Storm After Storm, Facilities Operations and Services Keeps Campus Moving

UMass Lowell Image
Members of the Facilities Operations and Services grounds crew pause for a group photo while shoveling the campus out of a recent snow storm.

02/20/2015
By Ed Brennen

Mother Nature’s relentless flurry of punches over the past month has set snowfall records, wreaked havoc with class schedules and left even the heartiest of New Englanders saying, “No más!

For Facilities Operations and Services, the department responsible for clearing the streets, parking lots, sidewalks and steps across the university’s 150-acre campus, the unprecedented series of blizzards and winter storms has not only tested ice melt and salt budgets, but also physical and mental stamina.

“All the storms have started to blur together to be honest with you,” says Joseph LoBuono, Associate Director of Operations and Services. “It’s off the charts. It’s been crazy.”

As LoBuono described his department’s operations recently, the seven-member grounds team was preparing for Winter Storm Neptune, which delivered another 16 inches of fresh powder Valentine's weekend. According to the UMass Lowell Weather Center, the city’s snowfall total through Feb. 18 was 103.2 inches.

That number is even more impressive when you consider the city saw just a trace of snow through December and most of January. But Operations and Services, which relies on two separate weather forecasting companies to prepare for storms, knew a big change was on the horizon.

“That jet stream switched and they both said it was basically going to be one storm after another storm after another storm,” LoBuono says. “They gave us a good idea it was going to happen, but nothing like this.”

The game plan

With each impending storm, LoBuono looks at the weather reports with Director of Operations and Services TJ McCarthy. They then formulate a snow-clearing game plan with Grounds Operations Manager Sean Belanger and Housekeeping/Building Services Manager Gualter Almeida, whose 46-member team is not only responsible for shoveling all stairways and a 5-foot clearance at the base, but also cleaning up salt and snow that’s tracked into buildings.

If a storm is expected to roll in at midnight, LoBuono says staff members start operations around 2 a.m. Then, at 4 a.m., LoBuono and McCarthy hold a conference with several other university officials to give a status update and determine if classes need to be canceled.

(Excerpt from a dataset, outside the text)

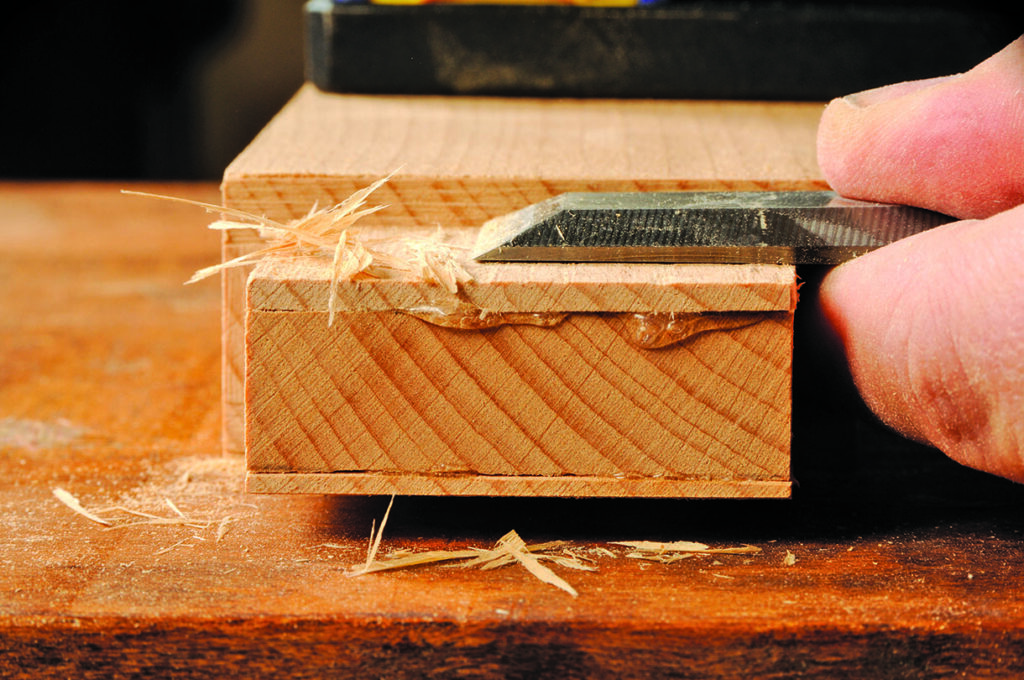 Chiselling wood block with precision and care.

“The goal is always to get classes open — people are here to learn -- but the more we can get people off campus, the easier it is to clean,” says LoBuono, who estimates it takes six hours to completely plow and salt the campus’ 6.5 miles of walkways and 2.2 million square feet of parking lots once the last snowflake has fallen in an average storm.

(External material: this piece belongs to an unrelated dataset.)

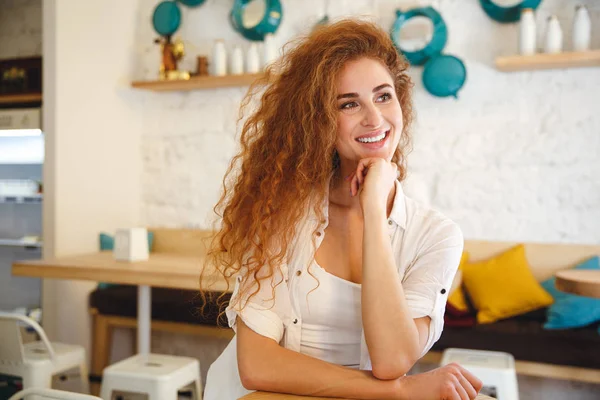 Mooie roodharige jonge dame zitten in Cafe terwijl poseren. — Stockfoto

While the grounds team is responsible for parking lots and walkways on East Campus, two separate outside contractors are hired to clear snow on North and South campuses. The contractors have also been busy clearing several roofs. “The campus is too big for just our grounds department to do,” LoBuono says.

As for the machinery needed to move all that snow, the university has a fleet of five pickup trucks equipped with plows, two Toolcats and one loader truck. The contractors bring in additional equipment, which for most storms includes 10 Bobcats, seven tri-axle dump trucks, 10 plowing pickups and four loaders. Check out our "by the numbers" graphic on this season's snow.

LoBuono says the department has gone through 10 pallets of ice melt (or about 25,000 pounds) and seven loads of salt (enough to fill a tractor trailer) — and spring is still a month away.

Haul of a job

Being an urban campus, the biggest challenge is finding a place to put all the snow.


“We try to stack as much as we can in the parking lots, but parking is at such a premium that a lot of it needs to be hauled out now,” says LoBuono, who notes that 21 trucks hauled snow for 25 straight hours to snow dumps on North and South campuses during a recent storm.

Another big challenge is the marathon shifts required to get through the storms. While managers may be on the job for 36 hours straight, driving around campus to direct the operation, LoBuono knows that’s nothing compared to the staff members who are out in the elements shoveling around the clock.

“I can’t say enough about our staff. It’s impressive how long they work and how much they care about the campus to make sure it’s open and ready,” LoBuono says. “Some of them even slept here during the blizzard. They grabbed a couch in O’Leary Library and rested for four hours and went back out and shoveled again.”

For Belanger, who joined Operations and Services in January, the past month has been a baptism by blizzard.

“The staff has been joking that I have brought the snow since my hiring,” says Belanger, a native New Englander who was in elementary school during the Blizzard of ’78. “I’ve kind of viewed this past month’s snow as a positive. It’s shown me how quickly the ops team can respond to the demands of a fast-moving campus.”

LoBuono, also a native New Englander, is staying positive, as well. But he’s already thinking ahead to the work that will need to be done once the mountains of snow finally disappear.

“There’s going to be a lot of grounds cleanup afterward, a lot of bushes and shrubs that are going to be damaged,” LoBuono says. “I joked the other day, this is going to be the first time we’ve been asked to move a snow pile for graduation in May.”